Skip to content

User Guide

Cloud AI SDKs enable developers to optimize trained deep learning models for high-performance inference. The SDKs provide workflows to optimize the models for best performance, provides runtime for execution and supports integration with ONNX Runtime and Triton Inference Server for deployment.

Cloud AI SDKs support

  • High performance Generative AI, Natural Language Processing, and Computer Vision models
  • Optimizing performance of the models per application requirements (throughput, accuracy and latency) through various quantization techniques
  • Development of inference applications through support for multiple OS and Docker containers.
  • Deployment of inference applications at scale with support for Triton inference server

Cloud AI SDKs

The Cloud AI SDK consists of the Application (Apps) SDK and Platform SDK.

The Application (Apps) SDK is used to convert models and prepare runtime binaries for Cloud AI platforms. It contains model development tools, a sophisticated parallelizing graph compiler, performance and integration tools, and code samples. Apps SDK is supported on x86-64 Linux-based systems.

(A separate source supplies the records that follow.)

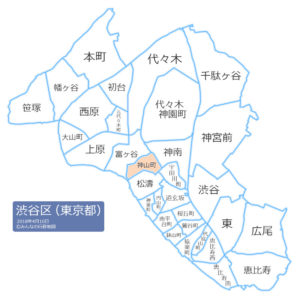 渋谷区神山町の位置を示した地図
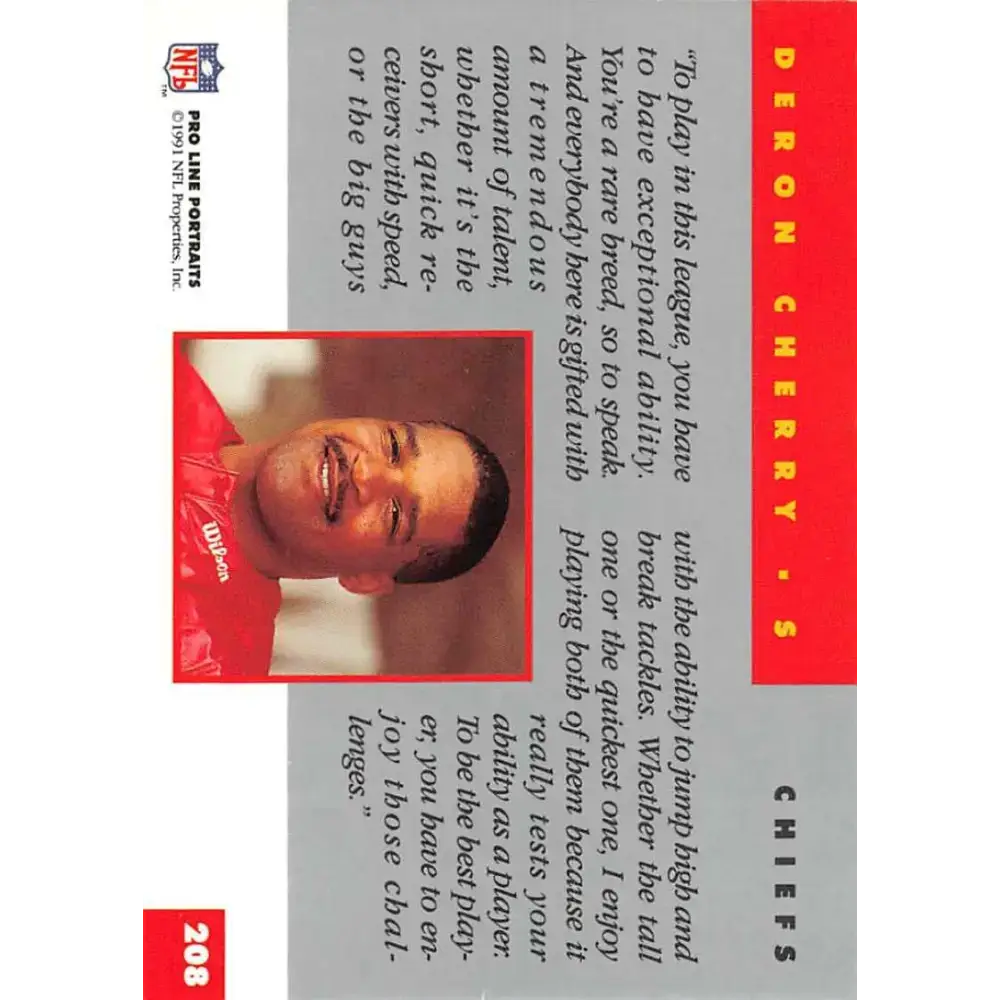 1991 Pro Line Portraits #208 Deron Cherry EX-NM Kansas City Chiefs Football Card - Football Card Single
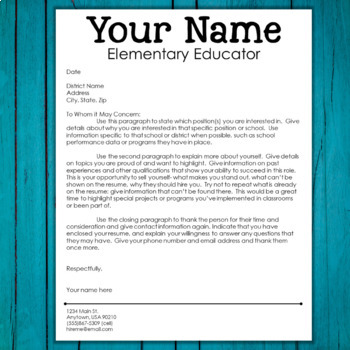 Editable Teacher Resume Template and Cover Letter Template- Sleek & Clean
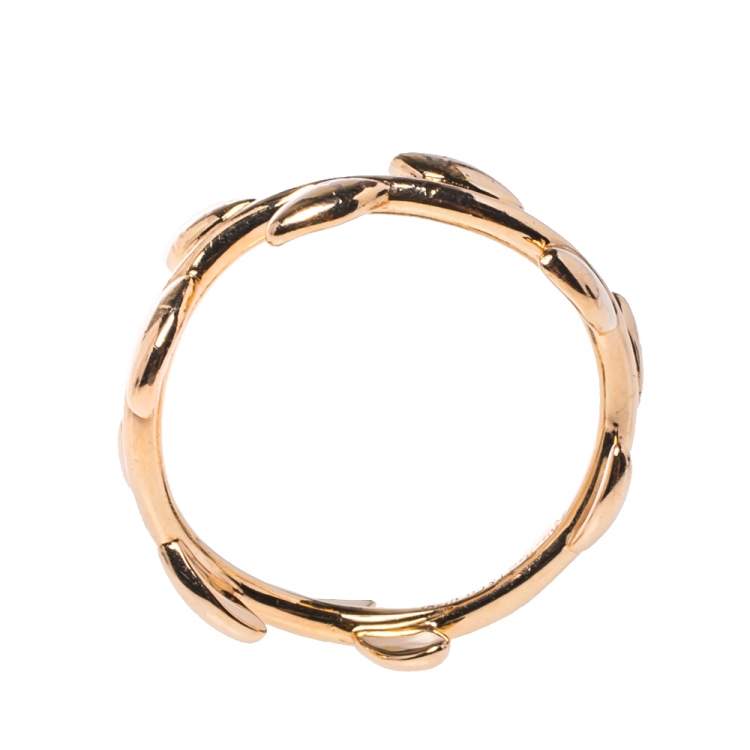 Pre Owned Tiffany & Co. Paloma Picasso Olive Leaf 18K Rose Gold Band Ring Size 49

The Platform SDK provides driver support for Cloud AI accelerators, APIs and tools for executing and debugging model binaries, and tools for card health, monitoring and telemetry. Platform SDK consists of a kernel driver, userspace runtime with APIs and language bindings, and card firmware. Platform SDK is supported on x86-64 and ARM64 hosts.

Cloud AI SDK

Installation

The installation guide covers

  • Platforms, operating systems and hypervisors supported and corresponding pre-requisites
  • Cloud AI SDK (Platform and Apps SDK) installation
  • Docker support

Inference Workflow

Inference workflow details the Cloud AI SDK workflow and tool support - from onboarding a pre-trained model to deployment on Cloud AI platforms.

Release Notes

Cloud AI release notes provide developers with new features, limitations and modifications in the Platform and Apps SDKs.

SDK Tools

SDK Tools provides details on usage of the tools in the SDKs used in the Inference workflow as well as card management.

Tutorials

Tutorials, in the form of Jupyter Notebooks walk the developer through the Cloud AI inference workflow as well as the tools used in the process. Tutorials are divided into CV and NLP to provide a better developer experience even though the inference workflows are quite similar.

Model Recipes

Model recipes provide the developer the most performant and efficient way to run some of the popular models across categories. The recipe starts with the public model. The model is then exported to ONNX, some patches are applied if required, compiled and executed for best performance. Developers can use the recipe to integrate the compiled binary into their inference application.

Sample Code

Sample code helps developers get familiar with the usage of Python and C++ APIs for inferencing on Cloud AI platforms.

System Management

System Management details management for Cloud AI Platforms.

Architecture

Architecture provides insights into the architecture of Cloud AI SoC and AI compute cores.